What's in a good calorie?
Your daily caloric intake number is an important number to know in order to keep your body functioning at its optimum level. Too few or too many calories inhibit a healthy lifestyle. But just hitting the right calorie count doesn’t cut it. There is a significant difference in filling up on 100 calories of cake versus 100 calories of vegetables. At the end of the day, you want to look for nutrients, not just items that have an appealing taste.
Here are some ideas to help you make wise decisions to get more out of the calories you’re consuming:
- Carbohydrates: Look for foods rich in complex carbs versus simple carbs (corn syrup and sugar). Complex carbs look like potatoes, brown rice and legumes and give your body a boost in vitamins, minerals and fiber. Replacing a white bread (simple carb) for a whole wheat bread (complex carb) will give you the same caloric intake, but also provide you with better nutrients.

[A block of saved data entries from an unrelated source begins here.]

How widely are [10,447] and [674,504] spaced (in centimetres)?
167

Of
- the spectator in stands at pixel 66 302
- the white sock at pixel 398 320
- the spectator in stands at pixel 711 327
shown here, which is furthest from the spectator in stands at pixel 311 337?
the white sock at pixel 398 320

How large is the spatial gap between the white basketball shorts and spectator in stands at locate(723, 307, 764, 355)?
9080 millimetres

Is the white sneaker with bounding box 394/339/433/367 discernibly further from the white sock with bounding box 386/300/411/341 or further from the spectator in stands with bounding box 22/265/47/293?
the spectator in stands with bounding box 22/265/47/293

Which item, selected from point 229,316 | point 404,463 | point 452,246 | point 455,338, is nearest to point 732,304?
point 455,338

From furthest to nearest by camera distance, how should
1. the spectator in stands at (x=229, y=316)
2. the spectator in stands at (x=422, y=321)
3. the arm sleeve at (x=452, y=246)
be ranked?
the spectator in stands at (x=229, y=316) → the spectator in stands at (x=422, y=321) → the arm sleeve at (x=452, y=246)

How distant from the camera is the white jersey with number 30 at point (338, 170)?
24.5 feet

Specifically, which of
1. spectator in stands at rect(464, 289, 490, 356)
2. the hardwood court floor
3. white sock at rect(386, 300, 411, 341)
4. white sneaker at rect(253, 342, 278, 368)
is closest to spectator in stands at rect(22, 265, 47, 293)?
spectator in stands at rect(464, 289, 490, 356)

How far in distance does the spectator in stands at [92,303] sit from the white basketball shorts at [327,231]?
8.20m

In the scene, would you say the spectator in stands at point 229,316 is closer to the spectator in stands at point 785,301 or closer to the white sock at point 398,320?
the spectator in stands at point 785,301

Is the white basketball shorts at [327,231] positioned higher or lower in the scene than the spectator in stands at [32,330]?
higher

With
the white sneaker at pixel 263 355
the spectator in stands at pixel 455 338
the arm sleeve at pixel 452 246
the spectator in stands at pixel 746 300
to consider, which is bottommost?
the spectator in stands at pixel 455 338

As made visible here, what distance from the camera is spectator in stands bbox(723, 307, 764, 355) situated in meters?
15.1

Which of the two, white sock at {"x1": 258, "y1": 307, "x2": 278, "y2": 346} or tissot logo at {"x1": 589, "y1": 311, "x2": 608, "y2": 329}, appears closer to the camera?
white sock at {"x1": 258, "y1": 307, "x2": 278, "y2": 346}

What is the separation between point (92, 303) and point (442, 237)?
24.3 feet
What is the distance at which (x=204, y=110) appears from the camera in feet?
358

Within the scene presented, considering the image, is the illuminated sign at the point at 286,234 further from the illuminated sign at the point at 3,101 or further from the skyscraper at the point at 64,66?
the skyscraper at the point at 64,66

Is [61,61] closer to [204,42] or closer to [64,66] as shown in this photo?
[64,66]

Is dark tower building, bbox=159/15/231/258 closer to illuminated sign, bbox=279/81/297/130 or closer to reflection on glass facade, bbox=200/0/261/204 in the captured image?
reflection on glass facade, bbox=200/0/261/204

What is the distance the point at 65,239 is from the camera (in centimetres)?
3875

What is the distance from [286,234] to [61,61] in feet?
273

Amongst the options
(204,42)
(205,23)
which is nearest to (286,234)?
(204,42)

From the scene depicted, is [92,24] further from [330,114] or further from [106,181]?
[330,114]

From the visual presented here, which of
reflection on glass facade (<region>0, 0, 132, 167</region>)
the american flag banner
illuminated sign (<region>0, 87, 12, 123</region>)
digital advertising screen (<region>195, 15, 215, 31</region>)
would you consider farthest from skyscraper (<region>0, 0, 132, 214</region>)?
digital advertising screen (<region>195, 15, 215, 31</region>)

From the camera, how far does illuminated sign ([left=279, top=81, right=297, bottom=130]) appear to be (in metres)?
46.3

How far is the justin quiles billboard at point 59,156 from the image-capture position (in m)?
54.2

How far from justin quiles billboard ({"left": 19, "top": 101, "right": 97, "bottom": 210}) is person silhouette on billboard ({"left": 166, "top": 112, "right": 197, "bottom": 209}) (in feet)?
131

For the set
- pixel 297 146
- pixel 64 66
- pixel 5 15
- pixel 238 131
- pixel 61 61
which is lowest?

- Fiber: Fiber itself doesn’t add to the net calorie count, but it does take up room in your stomach, contributing to a feeling of fullness and promoting better digestive health. Look for items rich in fiber and you’ll boost your metabolic activity.
- Fats: In looking at nutrition labels, you want to select foods that are heavier in unsaturated fat versus saturated. These fats can still rack up the calories, so eat only a serving’s worth, but it’s also important to note that these fats are essential for a healthy dose of energy.